Not an easy thing, you see… And to add to the complexity, recent studies have questioned the effectiveness of the above Codes of Ethics…, for example because, so far, software engineers did not change behavior based on awareness of such codes. Professor Lucy Suchman, a foundational thinker in Human Computer Interaction, who has made fundamental contributions to ethnographic analysis, conversational analysis and Participatory Design techniques for the development of interactive computer systems…, said “while ethics codes are a good start, they lack real democratic or public accountability”.
What can we do? How do we find our level of Cosmoethics and quality of intention?
Much more is needed in order to develop AI that is truly democratic and accountable to people. First of all, we need open and transparent public dialogue, in every country, on what people want from a given form of AI.
We need to win hearts and minds. We need to drive cultural changes that will embrace AI for Good, and decisively and immediately dismiss any Bad in it.
We need collaboration across disciplines and borders. Cross-pollination between humanities and technologies. To cite Nicolas Gülzow in his excellent article "Why degrees of cross-pollination determine the speed of innovation": "linear growth models for technology are useless".

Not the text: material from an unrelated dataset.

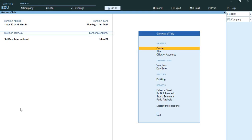Hi, good morning. Today's topic of discussion is reorder level. First I will tell you what reorder level is, then we will proceed with the practical.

We then need globally independent bodies (yes, also in China and Russia!) who bring up synchronized universally acceptable principles and create strong review processes to drive greater accountability to ensure ethical commitments are being held by everyone (yes, also by China, Russia and Mr. Trump).
What AI For All also means is that AI for Military should be properly regulated, just like the Pharma industry (more about this in a future blog post).
Rather than dispersed statements we need synchronicity and independent oversight. The global exchange we are being able to have today should allow for this.
Reading and teaching in school about thinkers like Confucius, Lao-tse, Socrates and Plato (along with STEM of course), will help grow lucid and self-aware generations that are able to span across disciplines and positively shape their own evolution.
With Ms. AI, it is our intent to connect our minds and hearts to drive inclusiveness, diversity and enthusiasm in AI, all with a lucid dose of Cosmoethics :-)
Looking forward to an exciting 2019!